Records contained in a dataset:
'''
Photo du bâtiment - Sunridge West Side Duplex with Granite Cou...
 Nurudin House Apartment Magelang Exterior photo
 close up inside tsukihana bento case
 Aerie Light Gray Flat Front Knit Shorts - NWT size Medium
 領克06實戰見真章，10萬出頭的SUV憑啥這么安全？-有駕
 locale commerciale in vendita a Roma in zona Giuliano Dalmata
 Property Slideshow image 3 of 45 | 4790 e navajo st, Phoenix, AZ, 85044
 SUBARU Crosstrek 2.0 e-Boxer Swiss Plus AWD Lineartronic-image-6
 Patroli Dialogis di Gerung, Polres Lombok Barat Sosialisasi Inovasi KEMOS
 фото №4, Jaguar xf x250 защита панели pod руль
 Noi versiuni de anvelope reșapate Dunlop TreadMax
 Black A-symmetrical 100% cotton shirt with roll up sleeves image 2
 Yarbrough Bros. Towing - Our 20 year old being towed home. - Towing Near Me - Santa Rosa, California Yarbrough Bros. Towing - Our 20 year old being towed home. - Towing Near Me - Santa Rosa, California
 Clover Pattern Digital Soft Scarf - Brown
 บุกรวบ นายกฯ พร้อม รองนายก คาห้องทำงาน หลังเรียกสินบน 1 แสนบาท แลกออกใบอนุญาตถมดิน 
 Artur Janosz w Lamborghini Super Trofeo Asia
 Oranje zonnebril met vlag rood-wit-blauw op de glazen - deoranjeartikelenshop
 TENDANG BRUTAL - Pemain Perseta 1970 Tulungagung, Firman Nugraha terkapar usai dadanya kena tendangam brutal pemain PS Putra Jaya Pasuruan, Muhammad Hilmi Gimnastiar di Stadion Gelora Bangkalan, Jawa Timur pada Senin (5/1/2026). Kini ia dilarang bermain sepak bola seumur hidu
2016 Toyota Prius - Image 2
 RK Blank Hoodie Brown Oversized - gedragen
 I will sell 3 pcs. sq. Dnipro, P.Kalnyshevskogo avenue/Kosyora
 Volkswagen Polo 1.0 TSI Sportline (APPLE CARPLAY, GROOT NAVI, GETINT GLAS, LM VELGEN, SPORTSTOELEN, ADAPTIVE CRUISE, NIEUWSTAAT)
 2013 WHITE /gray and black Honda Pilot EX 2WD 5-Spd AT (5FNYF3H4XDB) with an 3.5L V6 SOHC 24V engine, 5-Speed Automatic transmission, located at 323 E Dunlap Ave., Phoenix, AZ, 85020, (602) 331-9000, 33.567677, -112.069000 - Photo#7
'''
• **Exercise instructions**: Search the data above for the word "with", then gather each line in which it appears.

• **Exercise result**:
Photo du bâtiment - Sunridge West Side Duplex with Granite Cou...
 Black A-symmetrical 100% cotton shirt with roll up sleeves image 2
 2013 WHITE /gray and black Honda Pilot EX 2WD 5-Spd AT (5FNYF3H4XDB) with an 3.5L V6 SOHC 24V engine, 5-Speed Automatic transmission, located at 323 E Dunlap Ave., Phoenix, AZ, 85020, (602) 331-9000, 33.567677, -112.069000 - Photo#7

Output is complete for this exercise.